Exactly, the ethical choices need to come out of a real dialogue. Listening means listening and being open to the possibility of change. It is easy to hear the words without taking them in. It is easy to reject others’ opinions because they aren’t enough like ours to count.

“Whether there’s even much point in saying that r&r constructs are ‘probably necessary fictions’ may also be questionable.”

Then if one cannot express oneself in a direct manner to them, what purpose in attempting to communicate with them at all? the time for doubletalk/doublethink is over.
Now, if someone makes a copy of themself they can have one copy be a Believer; the other copy an agnostic/atheist: until copies of oneself can be made, to try to reach a commonality with them is talking out of both sides of the mouth. Writers at IEET sometimes write that we must takes risks- they are correct, but that includes communicating, or attempting to do so. No, we cannot cry “Humbug!”, nevertheless we also can’t go on about cosmic nomos and that sort of malarkey and still retain our technoprogressive integrity. The very definition of a phony is someone who tries to please too many, yet who winds up eventually pleasing no-one.
So we have to walk a tightrope—we always did.

So trying to tie these two strands together: on the one hand we have the need to listen and be receptive to opinions even when they differ wildly from our own, on the other hand the need to walk a tightrope between crying, “Humbug!” and being dishonest.
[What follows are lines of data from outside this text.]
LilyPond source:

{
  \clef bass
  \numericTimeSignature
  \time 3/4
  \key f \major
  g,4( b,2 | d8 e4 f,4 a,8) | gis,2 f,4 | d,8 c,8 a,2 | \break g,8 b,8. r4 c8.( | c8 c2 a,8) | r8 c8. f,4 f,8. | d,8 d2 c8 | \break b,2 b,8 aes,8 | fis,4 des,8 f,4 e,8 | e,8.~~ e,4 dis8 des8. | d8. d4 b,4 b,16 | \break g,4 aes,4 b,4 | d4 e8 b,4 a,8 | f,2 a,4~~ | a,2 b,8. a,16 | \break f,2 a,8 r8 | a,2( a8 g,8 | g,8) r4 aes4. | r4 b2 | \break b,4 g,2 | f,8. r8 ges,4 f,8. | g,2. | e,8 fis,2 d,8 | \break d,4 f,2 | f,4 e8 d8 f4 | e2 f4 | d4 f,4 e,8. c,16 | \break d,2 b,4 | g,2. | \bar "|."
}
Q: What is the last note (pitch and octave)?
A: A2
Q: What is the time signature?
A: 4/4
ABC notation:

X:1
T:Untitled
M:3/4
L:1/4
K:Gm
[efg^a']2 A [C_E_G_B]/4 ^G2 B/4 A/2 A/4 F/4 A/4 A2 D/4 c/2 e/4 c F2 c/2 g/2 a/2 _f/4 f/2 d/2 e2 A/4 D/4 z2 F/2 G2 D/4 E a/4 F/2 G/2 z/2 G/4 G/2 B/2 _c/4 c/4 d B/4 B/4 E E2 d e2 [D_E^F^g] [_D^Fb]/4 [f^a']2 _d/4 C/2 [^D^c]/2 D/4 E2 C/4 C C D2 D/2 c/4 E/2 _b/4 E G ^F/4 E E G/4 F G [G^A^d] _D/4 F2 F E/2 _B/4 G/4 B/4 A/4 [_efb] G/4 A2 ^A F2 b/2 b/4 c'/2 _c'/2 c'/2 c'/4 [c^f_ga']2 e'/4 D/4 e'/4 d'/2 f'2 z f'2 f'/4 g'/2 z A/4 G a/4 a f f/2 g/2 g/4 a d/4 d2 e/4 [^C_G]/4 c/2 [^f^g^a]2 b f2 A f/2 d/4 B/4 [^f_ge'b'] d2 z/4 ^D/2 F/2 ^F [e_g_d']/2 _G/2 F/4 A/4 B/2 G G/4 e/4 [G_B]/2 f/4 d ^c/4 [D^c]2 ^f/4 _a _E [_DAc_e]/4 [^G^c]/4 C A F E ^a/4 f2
In fact, I think the listening point offers a helpful triangulation to get us away from the one-dimensional tightrope. In other words, it’s not (just) a choice between overtly disagreeing or pretending to agree, there’s also a choice about how we listen, and what to listen to. Listening is always selective, since we only have so much attention capacity, and we need to be judicious about what and who we listen to. But we are not obliged to cry, “Humbug!” every time we hear something with which we disagree, or even necessarily to decide whether we agree with what’s being said or not. Sometimes it’s better to withhold judgement.

Yes, Pete, and sometimes it is helpful to let the old-fashioned argue in perpetua amongst themselves about Romney versus Reagan.
Let them go into combat, while we hide in the trenches.

... the following is the best example:
let the GOP devour itself this year like tigers in a cage together; such is how the system they admire so much works—so let them do the fighting. That is how Americans change things: one might say radically conservatively; in a convoluted one-step-forwards-one-step backwards manner, because they are sentimental for the past, for 1776.  America went to the Moon because of the Russians- because of Sputnik. What happened when the Cold War finished?: the Space Race ended as well.
For better and worse this is how America is.. if it were not the case America would be a different nation. Living in Belgium, you know how France is not interchangeable; you take away French language, French culture, its customs, and France would no longer be France.

Future Day is a difficult idea to get across. You seem to be struggling. Perhaps others will too after reading so many specific details that are only tangent-ially related.